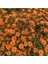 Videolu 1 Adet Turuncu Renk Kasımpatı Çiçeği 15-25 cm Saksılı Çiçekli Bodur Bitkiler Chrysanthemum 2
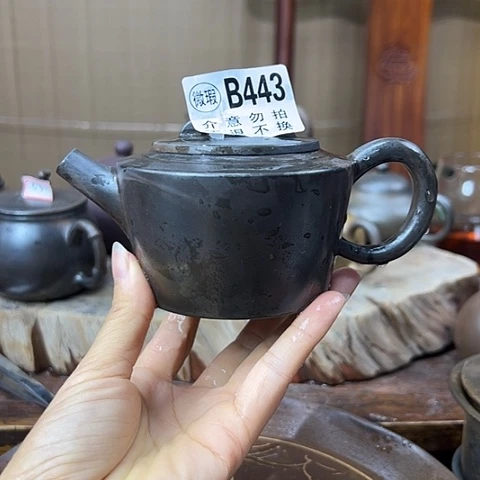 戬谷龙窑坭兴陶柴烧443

....................

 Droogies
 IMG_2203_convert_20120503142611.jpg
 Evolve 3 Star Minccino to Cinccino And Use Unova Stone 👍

....................

◆ TASK REQUIREMENTS: Retype the lines above exactly as they appear, from the line containing "Videolu 1 Adet" through the line containing "戬谷龙窑坭兴陶柴烧443", and leave out any pictures.

◆ SOLUTION TO THIS EXERCISE:
 Videolu 1 Adet Turuncu Renk Kasımpatı Çiçeği 15-25 cm Saksılı Çiçekli Bodur Bitkiler Chrysanthemum 2
 戬谷龙窑坭兴陶柴烧443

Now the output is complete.